The checklist varies between companies, but should it? The checklist should really vary by the project you are doing. If a company is new and doesn't have a checklist in place, or the checklist is quite narrow, maybe there should be some way to easily get a much bigger checklist?
Some items on checklists can be checked with a script. Others are checked by looking at a particular area of a schematic. Others, an area on the PCB. If you write a script to check something, how can you check the script? If you do a manual check, how can you be sure someone else doesn't change the design and invalidate your check?
Let's say a design comes back and it fails for some reason. The business would want to not repeat the mistake again. How can you have traceability in this system? It seems like the only traceability is in the minds of the workers who come, go, or get laid off.

I can think of a lot of different ways of solving these problems. Some of which can be solved via existing tools.
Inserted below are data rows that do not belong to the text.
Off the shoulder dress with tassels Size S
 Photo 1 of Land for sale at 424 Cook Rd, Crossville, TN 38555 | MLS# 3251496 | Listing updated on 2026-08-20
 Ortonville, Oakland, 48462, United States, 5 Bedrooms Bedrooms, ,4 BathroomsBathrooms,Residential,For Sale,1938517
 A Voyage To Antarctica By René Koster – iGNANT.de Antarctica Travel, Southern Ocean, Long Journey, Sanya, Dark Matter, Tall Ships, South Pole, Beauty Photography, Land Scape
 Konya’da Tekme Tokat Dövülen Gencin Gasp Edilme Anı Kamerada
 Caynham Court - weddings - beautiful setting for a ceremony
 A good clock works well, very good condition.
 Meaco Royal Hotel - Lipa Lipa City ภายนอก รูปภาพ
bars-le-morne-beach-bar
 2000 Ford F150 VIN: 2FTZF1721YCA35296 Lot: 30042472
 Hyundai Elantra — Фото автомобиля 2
However, I think that Atopile is uniquely positioned to solve this checklisting problem. It's not perfect, but having a dependency graph you can derive from your ato code would help to solve dependencies. By importing modules in a way akin to Python packages you can store which parts of a checklists are applicable. Having integrations into KiCad would help identify which checks are invalidated when changes are made (PCB or schem). Scripts can be used to automate some checks. CI and version control? I propose 'git blame'.